Wednesday, February 04, 2004

DE PROFUNDIS

Being the Prison Diaries
of Gerald M. Goldhaber [see yesterday's post below: Teaching Today]
Director, Communications Department
University of Buffalo

1 February 2004
The City of Georgetown
Cayman Islands
Her Majesty’s Correctional Facility

The hardest part is lack of eye contact. My guaranteed effective “Donahue” teaching technique relies above all on constant eye contact. I never use notes when I teach because you have to look down, if only for a second, to check them. I’m always dashing around the lecture hall, fixing students with my bold stare, challenging them, stimulating them!

But now, friends, I’m trapped within four thick walls, and making eye contact with the guys around here would be a mistake. The energy, the one-on-oneness which is my trademark is impossible in this prison, where I pace my cell alone, awaiting word from my lawyer, my dean, whoever.

Lying on this filthy cot, exhausted from pacing, I ask myself what happened to catapult me from my waterbed to a malodorous pallet.... Only a few hours ago I was gazing at Seven Mile Beach from my breakfast room. Now, as I peer through the hazy window of my holding pen, the darkness gathers...

I ask myself - - Why is it that the most high-profile, emulated, talented, attractive people always seem to end up hounded, harassed, indicted, even imprisoned? I’m one of many influential personalities - Martha Stewart, Michael Jackson, Jennifer Lopez, Kobe Bryant, Rush Limbaugh, William Bennett, Ariel Sharon, Alain Juppe, Janet Jackson - whose very success seems to spell their doom. What does the world have against ambition and acclaim? I have to figure it’s envy.

People love to bring successful people down. I had a guy write to me saying, “Big-shot communicator! Aren’t you supposed to be a specialist in analyzing social differences? Didn’t you notice that the Cayman Islands differs from the United States in having draconian drug laws?” Sure - I know the Caymanians are culturally conservative church-goers and all that. But put yourself in my place. Here’s a pissant protectorate - not even a country - whose sole industry is money laundering. Would you assume they’d give a shit about some guy in a condo scoring Ecstasy? It’s an effing Caribbean island! Everybody’s drugging!


2 February 2004

My lawyer’s getting me out today. He says I’ll have to pay a few thousand dollars and act contrite in front of the judge.
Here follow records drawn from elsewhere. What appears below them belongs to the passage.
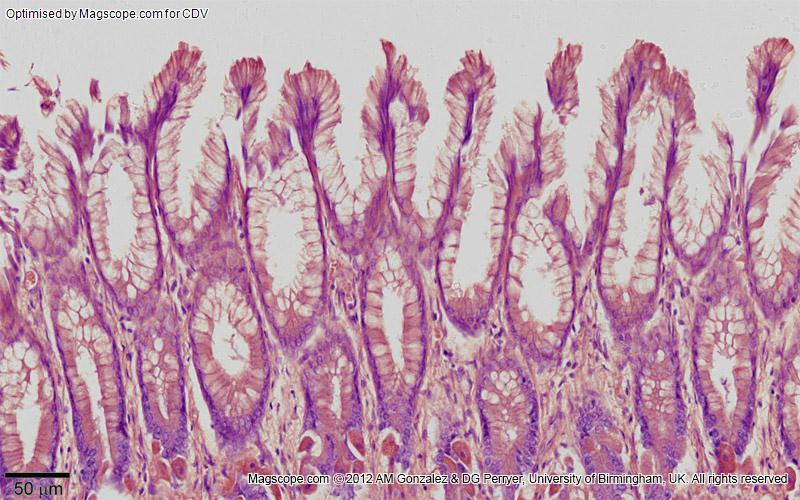 Stomach fundus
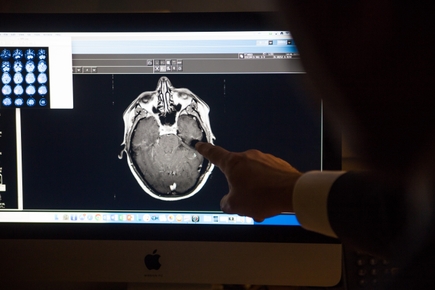 Fentanyl brain research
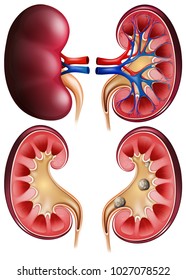 Kidneys and kidney stones on poster illustration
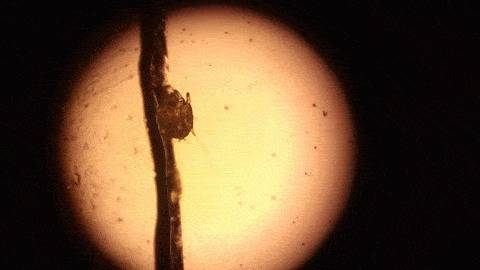 Заложило ухо и чешется внутри. причины появления и лечение зуда и ушной боли внутри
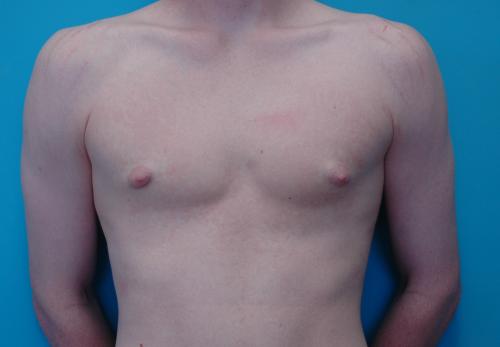 Gynecomastia Before and After Pictures Fort Lauderdale, FL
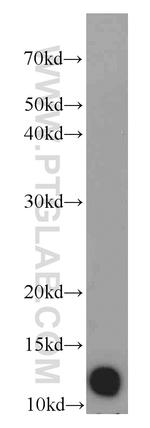 DIO1 Antibody in Western Blot (WB)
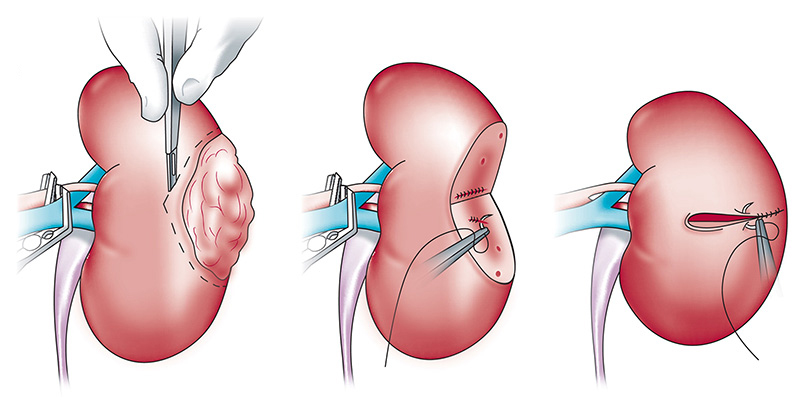 surgical aproach to RCC-LECTURE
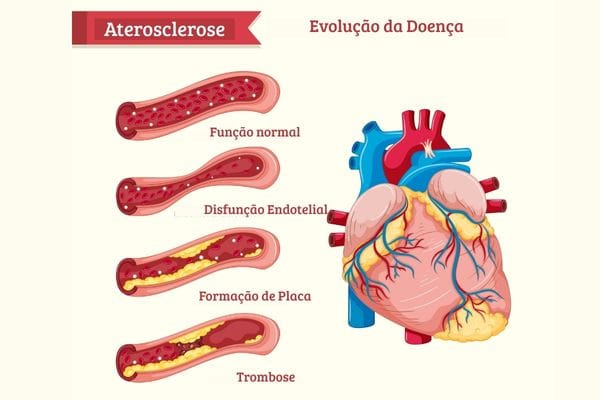 Sintomas da aterosclerose: sinais silenciosos que podem salvar sua vida se identificados cedo 2 Aterosclerose.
In a way I’m grateful for this time alone. I’ve been living a crazy life, with the consulting business plus the university gig. Things like this are nature’s way of telling us to slow down.

I’m thinking of getting into the Simplicity thing. Zen, saunas, feng shui or however you spell it, meditation ceremonies, retreats, mindfulness - that shit. ... And there’s always the anti-drug talk circuit -- Don’t do what I did, look how I’ve been brought low, blah blah... the “patter of penitence” I believe Gore Vidal calls it...I’ll start my talk with Oscar Wilde - classy writer:


“The gods had given me almost everything. But I let myself be lured into long spells of senseless and sensual ease. I amused myself with being a FLANEUR, a dandy, a man of fashion. I surrounded myself with the smaller natures and the meaner minds. I became the spendthrift of my own genius, and to waste an eternal youth gave me a curious joy. Tired of being on the heights, I deliberately went to the depths in the search for new sensation. What the paradox was to me in the sphere of thought, perversity became to me in the sphere of passion. Desire, at the end, was a malady, or a madness, or both. I grew careless of the lives of others. I took pleasure where it pleased me, and passed on. I forgot that every little action of the common day makes or unmakes character, and that therefore what one has done in the secret chamber one has some day to cry aloud on the housetop. I ceased to be lord over myself. I was no longer the captain of my soul, and did not know it. I allowed pleasure to dominate me. I ended in horrible disgrace. There is only one thing for me now, absolute humility.”